> RECORDS FOR THIS TASK:
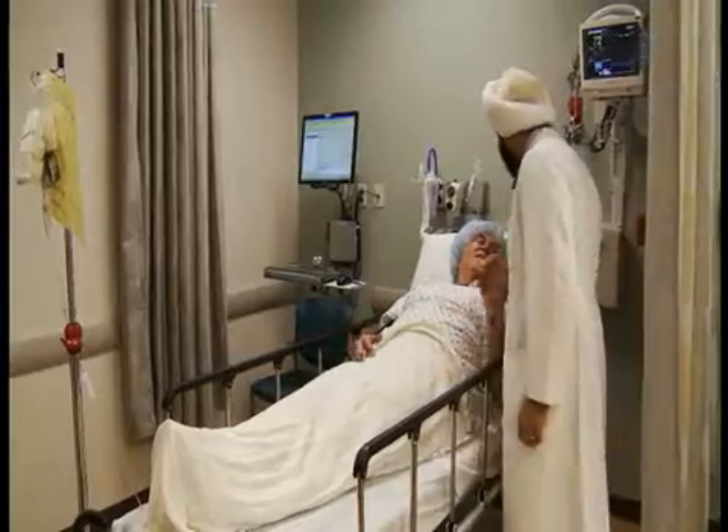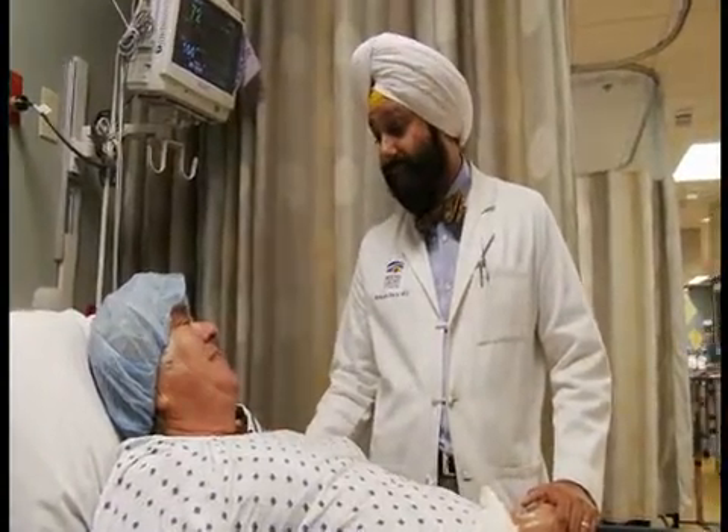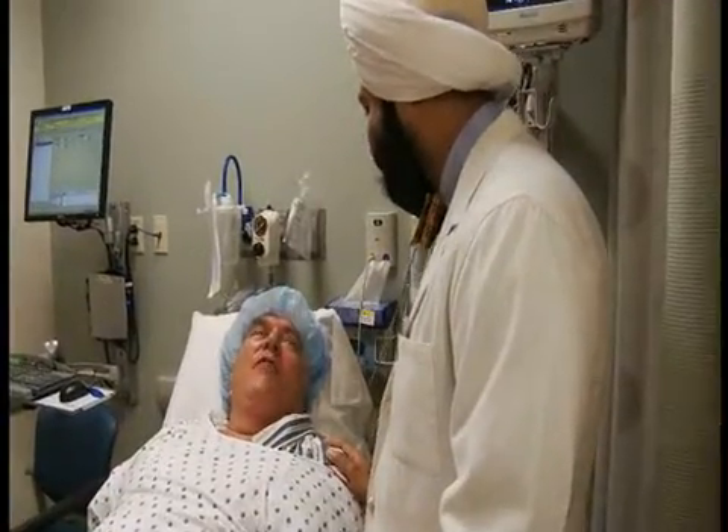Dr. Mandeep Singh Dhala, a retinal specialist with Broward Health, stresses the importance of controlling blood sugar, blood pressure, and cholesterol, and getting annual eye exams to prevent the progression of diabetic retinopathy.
==
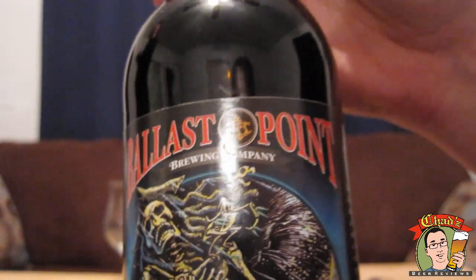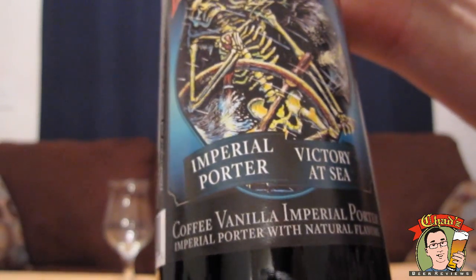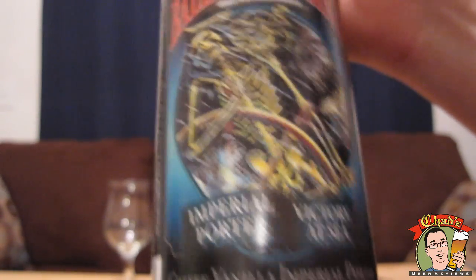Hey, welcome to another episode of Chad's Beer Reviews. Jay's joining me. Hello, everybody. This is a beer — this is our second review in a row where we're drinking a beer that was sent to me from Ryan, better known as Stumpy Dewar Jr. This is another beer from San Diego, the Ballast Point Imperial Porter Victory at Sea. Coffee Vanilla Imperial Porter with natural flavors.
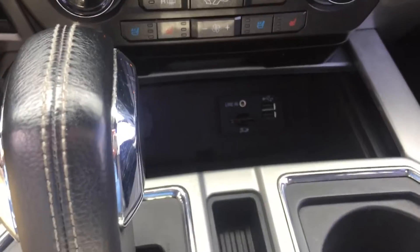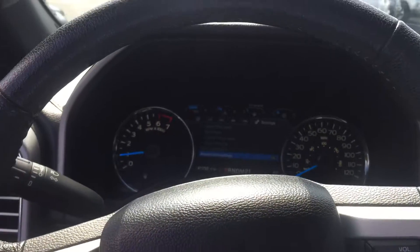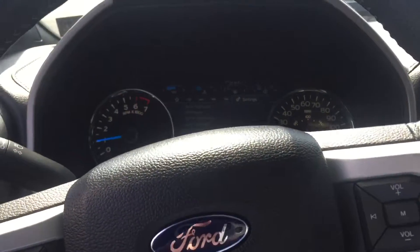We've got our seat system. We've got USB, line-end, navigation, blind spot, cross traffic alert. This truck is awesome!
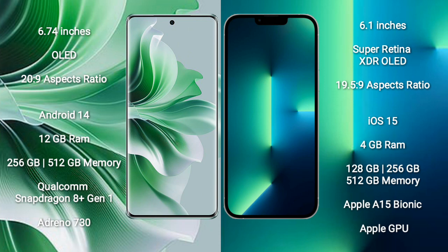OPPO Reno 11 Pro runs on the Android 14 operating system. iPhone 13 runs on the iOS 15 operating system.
==
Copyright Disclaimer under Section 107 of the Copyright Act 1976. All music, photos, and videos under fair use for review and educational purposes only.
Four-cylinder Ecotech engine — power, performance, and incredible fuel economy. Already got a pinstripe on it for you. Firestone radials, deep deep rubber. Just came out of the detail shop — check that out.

> WHAT TO DO:
Copy back exactly the lines above from the one containing "We've got our" through the one containing "OPPO Reno 11", and leave every picture behind.

> RESPONSE BELOW:
We've got our seat system. We've got USB, line-end, navigation, blind spot, cross traffic alert. This truck is awesome!
OPPO Reno 11 Pro runs on the Android 14 operating system. iPhone 13 runs on the iOS 15 operating system.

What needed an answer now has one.